Türkiye’de Yüce Önder Atatürk’den beri düşe kalka ilerleyen sistemin canına 27 Mayıs 1960’da askerler okudu.
Gerçi kendileri de Atatürk’ü kendilerine kalkan edinme telâşındaydılar ama bu ahmakça mâzeret bâzı dengesizlerin “Karımı çok sevdiğim için öldürdüm.” ifâdelerine şaşılacak, daha doğrusu şaşılmaya gerek duyulmayacak kadar benziyordu. Atatürk’ün şahsiyeti ve fikriyâtı kendilerine en az üç numara büyük gelen bu mâcerâperestler ve sergerdeler çetesiyle artık bu saatden sonra oturup bir daha uğraşmak değil tabii niyetim. Fakat Türkiye’nin bugünki durumunu tahlîl ederken çivisi ilk olarak ne zaman çıkdı sualine de mim koymalıyız kanaatindeyim. Onun için hatırlatayım dedim.

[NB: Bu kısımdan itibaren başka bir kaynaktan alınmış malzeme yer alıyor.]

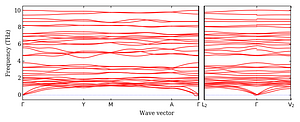 band_structure.png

Aslında 27 Mayısçı kopuk takımının yıkdığı düzen de pek matah birşey değildi. Ama en azından kendi tabii rayında ağır aksak da olsa bir sonraki istasyona doğru yol alıyordu.
Türkiye hâlen işte bundan 54 sene evvel geçirdiği sarsıntının molozlarını kaldırıp yıkılan ve hasar gören duvarlarını onarmakla meşgûl.
Diyebilirsiniz ki, 54 yıl süren onarım mı olurmuş?
Eğer olamaz ise daha hâlâ adam gibi bir anayasa bile yapamamış, yapmak şöyle dursun daha YAZAMAMIŞ olmamızı neye bağlıyorsunuz?
Dünyâda, niyetlenip de 54 sene bir anayasa metni kaleme almayı bile becerememiş başka millet var mı? Var da ben mi bilmiyorum?
Şâyet Türkiye o 27 Mayıs rezâletine mâruz kalmamış olsaydı tabiatıyla ne onun devâmı olan alenî ve üstü kapalı diğer kazan kaldırmalara dûçâr olacak ne de bir başbakanı ve iki bakanını kalleşçe katletmek zilletiyle lekelenecekdi.
Yeni ve düzgün bir anayasa ile onun gerektirdiği ek hukuksal düzenlemelere ise yine çokdan kavuşmuş olacakdık.
O bakımdan normal bir çoğulcu demokratik düzende ekonomimiz de şimdikine nazaran adamakıllı daha ileri bir düzeyde olacağından şimdi bizleri bunaltan bir alay pestenkerânî konular yerine gerçek konular üzerinde kafa yoruyor olacakdık.
Belki bermûtâd yine farkında olmayabiliriz ama o konulardan biri pek yakında kapımızı ha çaldı ha çalacak!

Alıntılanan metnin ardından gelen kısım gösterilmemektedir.